Old clothes, plastic shopping bags, rotting food, rotting chickens, vegetables, even sometimes a rotting dog — it was all piled up in the huge brown mountain of the dump, stretching as far as we could see. From far away, you could smell it. That first day, walking onto the dump with the other women, I felt sick all day, the smell was so bad.
For 10 years, from 1972 to 1982, we worked on that dump. Our job was to pick up broken bottles, cardboard and plastic and sell it all for recycling to an Indian man called Mr Faro, who was waiting at the edge of the dump. On a good day I made R30. I could buy bread, paraffin — it cost one penny — rice and mielie meal.
On other days we only made enough money to buy one small packet of rice. There was never any meat or vegetables, no money for that. If I didn't go to the dump, we had no food. Even on weekends, if I didn't go, we had nothing to eat. If you've got kids, they keep on needing food. Then you must go and buy bread and everything else all over again. Some of the women took food they found on the dump back to their families, but I could never do that, never.
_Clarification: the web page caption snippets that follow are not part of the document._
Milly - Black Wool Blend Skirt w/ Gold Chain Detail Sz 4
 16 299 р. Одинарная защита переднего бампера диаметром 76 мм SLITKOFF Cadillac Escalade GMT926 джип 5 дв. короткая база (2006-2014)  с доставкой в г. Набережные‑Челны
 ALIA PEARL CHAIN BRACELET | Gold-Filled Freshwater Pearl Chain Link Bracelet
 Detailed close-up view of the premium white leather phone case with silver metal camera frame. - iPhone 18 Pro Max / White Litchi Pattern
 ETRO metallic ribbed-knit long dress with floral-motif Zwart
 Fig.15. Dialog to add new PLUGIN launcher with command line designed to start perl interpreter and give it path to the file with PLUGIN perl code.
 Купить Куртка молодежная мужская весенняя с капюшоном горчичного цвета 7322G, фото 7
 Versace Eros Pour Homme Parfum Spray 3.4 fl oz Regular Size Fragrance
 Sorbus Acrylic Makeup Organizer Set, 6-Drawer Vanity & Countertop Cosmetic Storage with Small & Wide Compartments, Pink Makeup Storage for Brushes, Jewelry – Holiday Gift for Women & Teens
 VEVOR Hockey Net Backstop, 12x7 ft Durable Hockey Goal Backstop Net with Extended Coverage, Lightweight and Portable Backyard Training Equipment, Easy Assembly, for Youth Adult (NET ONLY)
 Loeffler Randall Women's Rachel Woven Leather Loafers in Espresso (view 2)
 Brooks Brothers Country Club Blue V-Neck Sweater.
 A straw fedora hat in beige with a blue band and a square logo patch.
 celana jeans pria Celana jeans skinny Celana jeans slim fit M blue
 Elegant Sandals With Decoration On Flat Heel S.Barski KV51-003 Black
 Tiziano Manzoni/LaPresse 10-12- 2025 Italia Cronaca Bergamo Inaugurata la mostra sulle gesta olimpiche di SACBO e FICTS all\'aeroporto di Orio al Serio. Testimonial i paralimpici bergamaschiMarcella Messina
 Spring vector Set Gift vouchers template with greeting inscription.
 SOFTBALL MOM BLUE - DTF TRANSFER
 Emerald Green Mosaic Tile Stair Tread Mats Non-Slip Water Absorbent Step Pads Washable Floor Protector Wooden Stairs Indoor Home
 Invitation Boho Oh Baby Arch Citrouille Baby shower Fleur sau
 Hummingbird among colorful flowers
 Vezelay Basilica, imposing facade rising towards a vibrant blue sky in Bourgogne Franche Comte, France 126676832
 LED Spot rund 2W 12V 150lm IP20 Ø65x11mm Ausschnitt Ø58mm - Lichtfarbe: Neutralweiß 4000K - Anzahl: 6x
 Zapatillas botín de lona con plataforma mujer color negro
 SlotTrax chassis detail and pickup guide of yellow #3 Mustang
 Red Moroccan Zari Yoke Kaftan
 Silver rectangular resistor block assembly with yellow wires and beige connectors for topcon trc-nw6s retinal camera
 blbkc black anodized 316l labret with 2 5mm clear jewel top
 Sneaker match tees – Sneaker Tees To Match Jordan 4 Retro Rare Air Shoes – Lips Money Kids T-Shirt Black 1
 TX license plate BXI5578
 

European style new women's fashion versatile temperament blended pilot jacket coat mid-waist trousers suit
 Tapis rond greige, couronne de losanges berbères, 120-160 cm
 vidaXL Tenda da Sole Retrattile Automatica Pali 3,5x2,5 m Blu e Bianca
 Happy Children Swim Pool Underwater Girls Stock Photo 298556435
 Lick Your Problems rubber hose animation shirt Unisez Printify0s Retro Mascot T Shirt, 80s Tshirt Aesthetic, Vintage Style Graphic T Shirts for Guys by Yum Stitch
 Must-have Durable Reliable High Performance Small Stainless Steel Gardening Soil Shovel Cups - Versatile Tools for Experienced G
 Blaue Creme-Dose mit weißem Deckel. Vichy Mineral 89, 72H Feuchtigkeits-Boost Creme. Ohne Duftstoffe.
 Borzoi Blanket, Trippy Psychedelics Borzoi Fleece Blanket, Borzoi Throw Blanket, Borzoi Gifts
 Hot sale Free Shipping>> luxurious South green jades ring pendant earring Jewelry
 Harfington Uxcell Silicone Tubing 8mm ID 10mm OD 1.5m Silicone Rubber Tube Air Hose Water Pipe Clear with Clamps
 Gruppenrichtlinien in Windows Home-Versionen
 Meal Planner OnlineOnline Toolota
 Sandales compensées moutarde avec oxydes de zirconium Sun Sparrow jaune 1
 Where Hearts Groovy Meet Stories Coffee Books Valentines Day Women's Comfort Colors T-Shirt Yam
One day I saw people picking up clothes on the dump, and I started doing that too. From then on, all my children wore clothes I found in the rubbish. We took them and washed them. When my granddaughter Nosanelisiwe was born, I even found a big bag full of cloth nappies on the dump, and washed them so we could use them for her.
Sometimes the white people put these things in a nice, clean black bag, and we found them like that blankets and even pillows and dishes, wrapped up nicely. I wonder why they threw those things away, because they were good things. We had very little, but I had a lot of clothes, the ones I found on the dump, and we dressed like ladies, you know. Working on the dump, we never fought, we were always laughing.
The one would say this thing, the other one another thing, and then we laughed. The one would pick up something, maybe some clothes, and say, 'Mrs Skefile, take this thing for you.' That was marvellous, even though the place was stinking. You have to be proud of yourself when you've got nothing, and you make use of what God gives you.